Your assignment: All entries shown below must be given again word for word.

====== Entries provided ======

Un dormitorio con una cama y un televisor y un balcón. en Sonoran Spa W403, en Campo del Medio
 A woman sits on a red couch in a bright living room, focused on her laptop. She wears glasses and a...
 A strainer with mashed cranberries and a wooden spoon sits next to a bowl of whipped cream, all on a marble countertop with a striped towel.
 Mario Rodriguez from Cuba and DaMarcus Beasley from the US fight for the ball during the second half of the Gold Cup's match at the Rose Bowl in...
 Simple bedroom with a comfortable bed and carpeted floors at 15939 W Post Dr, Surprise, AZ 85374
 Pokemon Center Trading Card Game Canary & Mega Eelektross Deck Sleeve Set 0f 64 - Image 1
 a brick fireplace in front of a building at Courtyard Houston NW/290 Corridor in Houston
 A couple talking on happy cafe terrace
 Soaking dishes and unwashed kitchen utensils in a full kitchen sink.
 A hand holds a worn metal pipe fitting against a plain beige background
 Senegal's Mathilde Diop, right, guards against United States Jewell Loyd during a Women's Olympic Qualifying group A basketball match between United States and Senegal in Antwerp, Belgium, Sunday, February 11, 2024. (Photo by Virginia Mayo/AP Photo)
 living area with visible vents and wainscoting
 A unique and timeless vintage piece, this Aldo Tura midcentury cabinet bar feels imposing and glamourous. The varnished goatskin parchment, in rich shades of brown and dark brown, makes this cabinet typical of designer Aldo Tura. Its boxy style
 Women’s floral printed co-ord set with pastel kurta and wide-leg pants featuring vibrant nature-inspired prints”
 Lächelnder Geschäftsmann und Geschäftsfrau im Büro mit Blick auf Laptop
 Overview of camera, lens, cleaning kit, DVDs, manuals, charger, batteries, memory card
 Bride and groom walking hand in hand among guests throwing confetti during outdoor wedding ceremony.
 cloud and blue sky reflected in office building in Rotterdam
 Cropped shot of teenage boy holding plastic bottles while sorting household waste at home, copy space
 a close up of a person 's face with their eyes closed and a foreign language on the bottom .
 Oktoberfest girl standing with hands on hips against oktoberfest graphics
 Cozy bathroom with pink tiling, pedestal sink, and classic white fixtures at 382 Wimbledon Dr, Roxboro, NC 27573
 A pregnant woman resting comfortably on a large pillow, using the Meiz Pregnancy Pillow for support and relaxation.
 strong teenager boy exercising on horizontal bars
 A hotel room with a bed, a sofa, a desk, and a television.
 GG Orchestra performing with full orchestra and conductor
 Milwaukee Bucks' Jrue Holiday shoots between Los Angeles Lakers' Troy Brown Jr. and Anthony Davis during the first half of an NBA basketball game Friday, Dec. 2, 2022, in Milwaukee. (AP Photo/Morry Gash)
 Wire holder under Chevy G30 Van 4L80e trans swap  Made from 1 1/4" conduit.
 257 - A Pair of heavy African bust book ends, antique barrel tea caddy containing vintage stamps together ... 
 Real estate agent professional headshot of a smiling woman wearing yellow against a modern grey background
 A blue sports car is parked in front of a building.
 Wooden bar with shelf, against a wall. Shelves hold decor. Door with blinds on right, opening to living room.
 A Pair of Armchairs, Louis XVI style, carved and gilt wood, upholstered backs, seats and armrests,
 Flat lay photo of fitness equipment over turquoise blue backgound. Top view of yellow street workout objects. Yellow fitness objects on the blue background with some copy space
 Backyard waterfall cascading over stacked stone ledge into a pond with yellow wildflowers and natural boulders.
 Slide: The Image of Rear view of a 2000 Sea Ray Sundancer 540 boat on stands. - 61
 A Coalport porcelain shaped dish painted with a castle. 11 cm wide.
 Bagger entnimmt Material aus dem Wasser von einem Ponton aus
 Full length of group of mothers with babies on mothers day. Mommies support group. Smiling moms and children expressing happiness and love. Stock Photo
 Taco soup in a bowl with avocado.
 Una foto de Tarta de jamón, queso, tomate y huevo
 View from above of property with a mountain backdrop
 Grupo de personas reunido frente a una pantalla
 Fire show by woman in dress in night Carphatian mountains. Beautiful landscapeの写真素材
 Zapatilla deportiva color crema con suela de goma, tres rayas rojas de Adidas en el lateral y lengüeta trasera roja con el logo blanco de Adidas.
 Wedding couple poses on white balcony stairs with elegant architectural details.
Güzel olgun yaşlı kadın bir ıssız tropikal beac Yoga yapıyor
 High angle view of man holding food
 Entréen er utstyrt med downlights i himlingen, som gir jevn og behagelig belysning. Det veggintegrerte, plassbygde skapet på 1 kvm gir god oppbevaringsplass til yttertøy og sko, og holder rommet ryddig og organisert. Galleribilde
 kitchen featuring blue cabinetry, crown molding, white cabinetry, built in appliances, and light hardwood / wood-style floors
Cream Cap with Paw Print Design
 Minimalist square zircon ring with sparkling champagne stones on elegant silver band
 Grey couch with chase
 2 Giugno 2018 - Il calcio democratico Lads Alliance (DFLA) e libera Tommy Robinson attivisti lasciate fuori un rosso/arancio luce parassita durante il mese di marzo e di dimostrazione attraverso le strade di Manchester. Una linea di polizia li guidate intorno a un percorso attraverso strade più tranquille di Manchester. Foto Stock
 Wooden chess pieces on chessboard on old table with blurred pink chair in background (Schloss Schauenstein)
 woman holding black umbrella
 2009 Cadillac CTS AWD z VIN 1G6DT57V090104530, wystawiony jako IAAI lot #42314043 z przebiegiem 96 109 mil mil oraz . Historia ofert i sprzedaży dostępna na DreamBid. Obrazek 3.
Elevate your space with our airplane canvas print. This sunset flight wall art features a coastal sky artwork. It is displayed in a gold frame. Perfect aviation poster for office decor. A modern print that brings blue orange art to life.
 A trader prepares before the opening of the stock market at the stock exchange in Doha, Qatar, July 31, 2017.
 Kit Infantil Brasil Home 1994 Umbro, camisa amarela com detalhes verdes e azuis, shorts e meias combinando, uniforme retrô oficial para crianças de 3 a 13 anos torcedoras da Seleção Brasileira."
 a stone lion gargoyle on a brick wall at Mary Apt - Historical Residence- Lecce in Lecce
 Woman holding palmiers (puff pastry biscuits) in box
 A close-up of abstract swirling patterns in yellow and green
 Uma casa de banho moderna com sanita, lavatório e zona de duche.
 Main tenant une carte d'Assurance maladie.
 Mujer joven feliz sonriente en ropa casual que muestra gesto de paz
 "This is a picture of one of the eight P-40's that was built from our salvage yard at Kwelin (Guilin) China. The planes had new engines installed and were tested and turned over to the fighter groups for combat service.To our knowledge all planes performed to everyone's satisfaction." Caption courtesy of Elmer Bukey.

======

Answer:
Un dormitorio con una cama y un televisor y un balcón. en Sonoran Spa W403, en Campo del Medio
 A woman sits on a red couch in a bright living room, focused on her laptop. She wears glasses and a...
 A strainer with mashed cranberries and a wooden spoon sits next to a bowl of whipped cream, all on a marble countertop with a striped towel.
 Mario Rodriguez from Cuba and DaMarcus Beasley from the US fight for the ball during the second half of the Gold Cup's match at the Rose Bowl in...
 Simple bedroom with a comfortable bed and carpeted floors at 15939 W Post Dr, Surprise, AZ 85374
 Pokemon Center Trading Card Game Canary & Mega Eelektross Deck Sleeve Set 0f 64 - Image 1
 a brick fireplace in front of a building at Courtyard Houston NW/290 Corridor in Houston
 A couple talking on happy cafe terrace
 Soaking dishes and unwashed kitchen utensils in a full kitchen sink.
 A hand holds a worn metal pipe fitting against a plain beige background
 Senegal's Mathilde Diop, right, guards against United States Jewell Loyd during a Women's Olympic Qualifying group A basketball match between United States and Senegal in Antwerp, Belgium, Sunday, February 11, 2024. (Photo by Virginia Mayo/AP Photo)
 living area with visible vents and wainscoting
 A unique and timeless vintage piece, this Aldo Tura midcentury cabinet bar feels imposing and glamourous. The varnished goatskin parchment, in rich shades of brown and dark brown, makes this cabinet typical of designer Aldo Tura. Its boxy style
 Women’s floral printed co-ord set with pastel kurta and wide-leg pants featuring vibrant nature-inspired prints”
 Lächelnder Geschäftsmann und Geschäftsfrau im Büro mit Blick auf Laptop
 Overview of camera, lens, cleaning kit, DVDs, manuals, charger, batteries, memory card
 Bride and groom walking hand in hand among guests throwing confetti during outdoor wedding ceremony.
 cloud and blue sky reflected in office building in Rotterdam
 Cropped shot of teenage boy holding plastic bottles while sorting household waste at home, copy space
 a close up of a person 's face with their eyes closed and a foreign language on the bottom .
 Oktoberfest girl standing with hands on hips against oktoberfest graphics
 Cozy bathroom with pink tiling, pedestal sink, and classic white fixtures at 382 Wimbledon Dr, Roxboro, NC 27573
 A pregnant woman resting comfortably on a large pillow, using the Meiz Pregnancy Pillow for support and relaxation.
 strong teenager boy exercising on horizontal bars
 A hotel room with a bed, a sofa, a desk, and a television.
 GG Orchestra performing with full orchestra and conductor
 Milwaukee Bucks' Jrue Holiday shoots between Los Angeles Lakers' Troy Brown Jr. and Anthony Davis during the first half of an NBA basketball game Friday, Dec. 2, 2022, in Milwaukee. (AP Photo/Morry Gash)
 Wire holder under Chevy G30 Van 4L80e trans swap  Made from 1 1/4" conduit.
 257 - A Pair of heavy African bust book ends, antique barrel tea caddy containing vintage stamps together ... 
 Real estate agent professional headshot of a smiling woman wearing yellow against a modern grey background
 A blue sports car is parked in front of a building.
 Wooden bar with shelf, against a wall. Shelves hold decor. Door with blinds on right, opening to living room.
 A Pair of Armchairs, Louis XVI style, carved and gilt wood, upholstered backs, seats and armrests,
 Flat lay photo of fitness equipment over turquoise blue backgound. Top view of yellow street workout objects. Yellow fitness objects on the blue background with some copy space
 Backyard waterfall cascading over stacked stone ledge into a pond with yellow wildflowers and natural boulders.
 Slide: The Image of Rear view of a 2000 Sea Ray Sundancer 540 boat on stands. - 61
 A Coalport porcelain shaped dish painted with a castle. 11 cm wide.
 Bagger entnimmt Material aus dem Wasser von einem Ponton aus
 Full length of group of mothers with babies on mothers day. Mommies support group. Smiling moms and children expressing happiness and love. Stock Photo
 Taco soup in a bowl with avocado.
 Una foto de Tarta de jamón, queso, tomate y huevo
 View from above of property with a mountain backdrop
 Grupo de personas reunido frente a una pantalla
 Fire show by woman in dress in night Carphatian mountains. Beautiful landscapeの写真素材
 Zapatilla deportiva color crema con suela de goma, tres rayas rojas de Adidas en el lateral y lengüeta trasera roja con el logo blanco de Adidas.
 Wedding couple poses on white balcony stairs with elegant architectural details.
Güzel olgun yaşlı kadın bir ıssız tropikal beac Yoga yapıyor
 High angle view of man holding food
 Entréen er utstyrt med downlights i himlingen, som gir jevn og behagelig belysning. Det veggintegrerte, plassbygde skapet på 1 kvm gir god oppbevaringsplass til yttertøy og sko, og holder rommet ryddig og organisert. Galleribilde
 kitchen featuring blue cabinetry, crown molding, white cabinetry, built in appliances, and light hardwood / wood-style floors
Cream Cap with Paw Print Design
 Minimalist square zircon ring with sparkling champagne stones on elegant silver band
 Grey couch with chase
 2 Giugno 2018 - Il calcio democratico Lads Alliance (DFLA) e libera Tommy Robinson attivisti lasciate fuori un rosso/arancio luce parassita durante il mese di marzo e di dimostrazione attraverso le strade di Manchester. Una linea di polizia li guidate intorno a un percorso attraverso strade più tranquille di Manchester. Foto Stock
 Wooden chess pieces on chessboard on old table with blurred pink chair in background (Schloss Schauenstein)
 woman holding black umbrella
 2009 Cadillac CTS AWD z VIN 1G6DT57V090104530, wystawiony jako IAAI lot #42314043 z przebiegiem 96 109 mil mil oraz . Historia ofert i sprzedaży dostępna na DreamBid. Obrazek 3.
Elevate your space with our airplane canvas print. This sunset flight wall art features a coastal sky artwork. It is displayed in a gold frame. Perfect aviation poster for office decor. A modern print that brings blue orange art to life.
 A trader prepares before the opening of the stock market at the stock exchange in Doha, Qatar, July 31, 2017.
 Kit Infantil Brasil Home 1994 Umbro, camisa amarela com detalhes verdes e azuis, shorts e meias combinando, uniforme retrô oficial para crianças de 3 a 13 anos torcedoras da Seleção Brasileira."
 a stone lion gargoyle on a brick wall at Mary Apt - Historical Residence- Lecce in Lecce
 Woman holding palmiers (puff pastry biscuits) in box
 A close-up of abstract swirling patterns in yellow and green
 Uma casa de banho moderna com sanita, lavatório e zona de duche.
 Main tenant une carte d'Assurance maladie.
 Mujer joven feliz sonriente en ropa casual que muestra gesto de paz
 "This is a picture of one of the eight P-40's that was built from our salvage yard at Kwelin (Guilin) China. The planes had new engines installed and were tested and turned over to the fighter groups for combat service.To our knowledge all planes performed to everyone's satisfaction." Caption courtesy of Elmer Bukey.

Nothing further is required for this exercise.